SK: Where do you get your
images from? Do they have any references to the outside world?
IJ: I take images form all sorts of different places,
from perspectives of what I see around me everyday, to memories of a shape
seen in an illustration. Eventually most of it is reduced to a limited
shared vocabulary of forms. The negative spaces in my drawings are a point
of departure to work with my variations of these shapes. I also use figurative
images occasionally as another element of disparity.
SK: Is this connected
to the fact that while you have two approaches to painting: one is traditional,
paint on canvas and the other is collage where you put bits of plastic,
tape and other colored material onto the surface? The latter is something
like a bridge to the assemblages/ constructed works. But is it also a
supplement to traditional painting in general? if so what do you see as
painting's deficiencies?
IJ: One of my interests with collage is to include in
the painting that which it is not. This old activity of cutting and pasting
to the painted surface serves my interest in acknowledging different forms
of perception and interpretation simultaneously. The use of these materials
as painting also adds informality, impermanence and an element of deception,
of discovering at close inspection, qualities that were not evident at
a distance. I believe one is able to achieve an openess in one’s
work, to the possibilities of intertextuality with the use of liquid material
alone. It is a matter of choice, I think the literalness of the material
adds to a physicality that is important in terms of the type of nuances
I want to include.
SK: With these two different
approaches to flat work, are you after a kind of synthesis or do you see
each as doing something the other can't? Is this what you are getting
at in the new diptych like works where there is a traditional canvas on
one side and an assemblage of equal size on the other?

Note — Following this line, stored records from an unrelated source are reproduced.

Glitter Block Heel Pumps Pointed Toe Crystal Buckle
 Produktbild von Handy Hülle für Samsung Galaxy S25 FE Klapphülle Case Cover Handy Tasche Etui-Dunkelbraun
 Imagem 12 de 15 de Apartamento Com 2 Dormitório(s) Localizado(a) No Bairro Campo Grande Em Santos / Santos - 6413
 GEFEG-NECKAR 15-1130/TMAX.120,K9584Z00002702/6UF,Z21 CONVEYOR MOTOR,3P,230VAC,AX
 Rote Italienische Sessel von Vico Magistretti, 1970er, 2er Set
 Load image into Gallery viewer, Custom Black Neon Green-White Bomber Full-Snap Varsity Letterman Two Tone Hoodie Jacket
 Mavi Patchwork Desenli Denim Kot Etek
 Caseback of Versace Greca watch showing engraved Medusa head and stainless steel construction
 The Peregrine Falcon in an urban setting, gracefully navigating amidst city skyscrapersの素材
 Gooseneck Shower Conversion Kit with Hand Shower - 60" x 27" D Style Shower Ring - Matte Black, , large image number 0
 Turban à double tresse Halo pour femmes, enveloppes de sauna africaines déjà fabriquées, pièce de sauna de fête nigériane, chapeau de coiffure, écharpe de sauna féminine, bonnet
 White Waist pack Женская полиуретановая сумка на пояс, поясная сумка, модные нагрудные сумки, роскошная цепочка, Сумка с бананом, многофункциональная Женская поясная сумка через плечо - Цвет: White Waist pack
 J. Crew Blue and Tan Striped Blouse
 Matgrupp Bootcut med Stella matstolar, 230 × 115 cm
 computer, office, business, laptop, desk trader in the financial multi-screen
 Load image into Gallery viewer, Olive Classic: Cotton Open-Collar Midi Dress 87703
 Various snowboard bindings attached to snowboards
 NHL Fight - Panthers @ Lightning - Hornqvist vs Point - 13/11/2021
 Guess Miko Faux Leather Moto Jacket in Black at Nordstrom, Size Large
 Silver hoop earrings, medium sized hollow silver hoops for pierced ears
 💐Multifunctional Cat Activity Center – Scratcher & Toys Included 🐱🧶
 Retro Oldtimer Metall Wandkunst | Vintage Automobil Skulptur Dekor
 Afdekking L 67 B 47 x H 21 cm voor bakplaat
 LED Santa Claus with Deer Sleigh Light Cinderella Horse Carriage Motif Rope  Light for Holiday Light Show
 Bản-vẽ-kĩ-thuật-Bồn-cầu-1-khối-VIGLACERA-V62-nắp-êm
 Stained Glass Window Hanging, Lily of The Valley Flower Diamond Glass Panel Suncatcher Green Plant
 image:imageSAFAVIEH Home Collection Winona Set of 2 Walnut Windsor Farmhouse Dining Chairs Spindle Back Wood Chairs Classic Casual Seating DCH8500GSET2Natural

IJ: Even when the two approaches are not incompatible
they are dissimilar units that can't be reduced to a whole. The experience
of movement here is more one of vibration. Both interpretations side by
side within equal amounts of space also neutralizes each other’s
strength opening the attention to the interval.
SK: In which case how
do you see them as functioning differently, other than physically from
the installation work?
IJ: The effect is similar (compatible) in both parts
as they indicate a third space that is not present frontally. In one case
it is the imaginary space of the canvas, in the other it is the actual
material (plastic) that produces the blurring. They converge and then
diverge as both parts require different decoding modes and play a different
tone (therefore the vibration). They both require a different reception
at different times. The factor of the equal size and the square shape
pushes towards a simultaneous absorption of both or being stopped by doubt.
SK: When you speak of
"tone" and "vibration", these are terms often used
in relation to music where autonomous sounds coalesce into a continuous
overall composition. This can also produce conflicts which brings me to
the question of the fact that there also seems to be an attempt to contain
conflict within your work where the collage elements seem to put a check
on the more gestural parts of your painting. The fluidity of brush strokes
seems not to be able to remain being emblematic of freedom. Do you see
your work as an attempt to reach a certain freedom by combining use of
different materials and formats. Is this a conscious decision and if so,
what does this freedom represent for you?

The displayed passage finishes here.